En esta traducción el genio de nuestra lengua queda sacrificado a la casi literal correspondencia con el texto de Wagner; y todo el texto catalán es como una tortura de nuestro idioma. La explicación de que los señores Zanné y Ribera hayan realizado la traducción en dicha forma se encuentra ante todo en la admiración que sienten por la obra de Wagner, a quien, con exageración evidente, pero con entusiasmo indiscutible, consideran como compendio y sublimación de todos los genios dramáticos. Partiendo de este sentimiento han querido transmitir al lector catalán no sólo el contenido de la acción y del diálogo wagnerianos, sino hasta el ritmo y la manera exterior de éste, cuya estructura germana pugna naturalmente con nuestra sintaxis latina. Y si a esto se añade que Wagner, espíritu excesivamente alemán, se expresa generalmente de un modo conceptuoso y abstracto y, por tanto, obscuro para nuestro entendimiento más bien plástico, y que toda la tetralogía del Anillo del Nibelungo está basada en una mitología y desarrollada con un simbolismo absolutamente ajenos a nuestro espíritu latino, se comprenderá que la traducción catalana de Zanné y Ribera resulte de lectura árida y trabajosa, y que no sea el tipo de traducción fecunda de que antes hablábamos, sino el tipo de traducción literal que, interlineada en el texto original, serviría mucho para ir siguiendo la marcha de la obra alemana; y que aun presentada suelta como va ahora da perfecta idea de la versificación alemana (salva la aliteración, que en nuestro idioma resultaría temeraria) y del estilo personal de Wagner. En este sentido merecen aplauso sus autores y la Associació wagneriana que la ha editado.

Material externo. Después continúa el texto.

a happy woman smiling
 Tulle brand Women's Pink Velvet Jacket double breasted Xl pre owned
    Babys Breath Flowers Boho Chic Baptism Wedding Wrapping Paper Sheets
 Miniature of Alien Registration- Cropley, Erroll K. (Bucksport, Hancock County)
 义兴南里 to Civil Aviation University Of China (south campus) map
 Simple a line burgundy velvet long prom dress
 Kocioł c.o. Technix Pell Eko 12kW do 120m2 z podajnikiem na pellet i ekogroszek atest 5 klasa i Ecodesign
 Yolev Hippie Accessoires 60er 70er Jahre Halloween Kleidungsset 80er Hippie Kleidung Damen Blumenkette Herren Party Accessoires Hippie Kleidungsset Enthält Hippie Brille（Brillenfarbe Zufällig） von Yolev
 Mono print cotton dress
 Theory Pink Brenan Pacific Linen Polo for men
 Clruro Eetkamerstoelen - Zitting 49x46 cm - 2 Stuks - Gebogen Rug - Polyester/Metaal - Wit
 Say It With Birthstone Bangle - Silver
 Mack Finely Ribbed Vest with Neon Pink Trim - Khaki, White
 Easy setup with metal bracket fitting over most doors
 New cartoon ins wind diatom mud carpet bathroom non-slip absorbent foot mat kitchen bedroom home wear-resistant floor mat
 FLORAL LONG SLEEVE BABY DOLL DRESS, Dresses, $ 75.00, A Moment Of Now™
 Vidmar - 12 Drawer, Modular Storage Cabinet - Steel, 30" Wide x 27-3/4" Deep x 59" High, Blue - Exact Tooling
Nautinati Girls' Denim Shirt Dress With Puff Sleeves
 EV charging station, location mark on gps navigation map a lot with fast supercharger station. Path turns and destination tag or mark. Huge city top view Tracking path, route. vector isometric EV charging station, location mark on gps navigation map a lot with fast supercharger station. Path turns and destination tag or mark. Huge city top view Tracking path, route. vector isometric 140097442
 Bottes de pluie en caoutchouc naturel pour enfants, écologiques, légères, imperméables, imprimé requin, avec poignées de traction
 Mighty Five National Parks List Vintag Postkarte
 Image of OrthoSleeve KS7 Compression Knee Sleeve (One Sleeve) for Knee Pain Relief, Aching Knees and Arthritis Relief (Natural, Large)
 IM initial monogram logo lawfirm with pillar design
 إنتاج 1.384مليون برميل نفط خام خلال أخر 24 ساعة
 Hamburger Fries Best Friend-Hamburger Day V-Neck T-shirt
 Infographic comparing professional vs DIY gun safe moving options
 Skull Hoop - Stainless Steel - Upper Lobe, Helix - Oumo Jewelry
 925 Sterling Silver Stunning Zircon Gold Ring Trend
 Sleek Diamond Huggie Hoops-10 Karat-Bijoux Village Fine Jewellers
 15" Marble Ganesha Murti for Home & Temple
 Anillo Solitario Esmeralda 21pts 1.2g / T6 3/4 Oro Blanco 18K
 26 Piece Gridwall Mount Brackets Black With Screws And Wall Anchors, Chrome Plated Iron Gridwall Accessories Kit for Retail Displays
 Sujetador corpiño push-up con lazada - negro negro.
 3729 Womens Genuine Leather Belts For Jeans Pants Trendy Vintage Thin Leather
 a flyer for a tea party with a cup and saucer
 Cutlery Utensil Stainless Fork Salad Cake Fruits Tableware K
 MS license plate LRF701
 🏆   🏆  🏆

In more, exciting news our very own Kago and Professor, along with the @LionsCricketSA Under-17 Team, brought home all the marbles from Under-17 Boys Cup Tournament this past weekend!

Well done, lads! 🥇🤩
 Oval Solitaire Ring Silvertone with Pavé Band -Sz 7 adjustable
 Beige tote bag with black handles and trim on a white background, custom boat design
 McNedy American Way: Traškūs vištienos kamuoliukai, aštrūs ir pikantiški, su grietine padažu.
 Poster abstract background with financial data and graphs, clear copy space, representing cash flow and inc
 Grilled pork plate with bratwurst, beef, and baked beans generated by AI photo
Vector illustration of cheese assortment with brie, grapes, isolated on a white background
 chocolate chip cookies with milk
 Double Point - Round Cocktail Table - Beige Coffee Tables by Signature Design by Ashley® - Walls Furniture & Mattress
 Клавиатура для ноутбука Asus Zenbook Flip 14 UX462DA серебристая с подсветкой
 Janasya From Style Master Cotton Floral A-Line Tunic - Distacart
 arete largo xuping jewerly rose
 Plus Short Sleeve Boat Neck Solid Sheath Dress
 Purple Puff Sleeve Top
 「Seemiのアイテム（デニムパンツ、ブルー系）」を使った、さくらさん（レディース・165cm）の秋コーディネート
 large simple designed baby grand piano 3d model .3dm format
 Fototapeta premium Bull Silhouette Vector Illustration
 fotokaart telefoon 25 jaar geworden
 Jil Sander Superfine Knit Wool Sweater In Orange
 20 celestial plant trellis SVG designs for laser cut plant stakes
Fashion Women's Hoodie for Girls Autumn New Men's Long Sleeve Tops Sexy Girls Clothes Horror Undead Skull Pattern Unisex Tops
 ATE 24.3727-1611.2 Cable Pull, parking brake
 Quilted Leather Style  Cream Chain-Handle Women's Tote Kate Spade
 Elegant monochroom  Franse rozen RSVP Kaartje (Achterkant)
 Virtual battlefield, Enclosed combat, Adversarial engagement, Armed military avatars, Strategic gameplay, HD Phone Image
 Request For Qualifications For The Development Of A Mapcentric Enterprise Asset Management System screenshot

Creemos, sin embargo, que una vez mostrado ya con esta traducción el tipo exterior del texto wagneriano, valdría más para otras obras semejantes dar al público una traducción que diríamos informadora, es decir, exacta, pero en sintaxis catalana, y en prosa a línea seguida. El público la leería más y con más provecho para la comprensión del drama wagneriano.
5-XII-1901
Joan Maragall: “Traducciones” dins Joan Maragall: Obres completes. Obra castellana. Barcelona: Editorial Selecta, 1981, ps. 165-167. (Biblioteca Perenne; 4bis).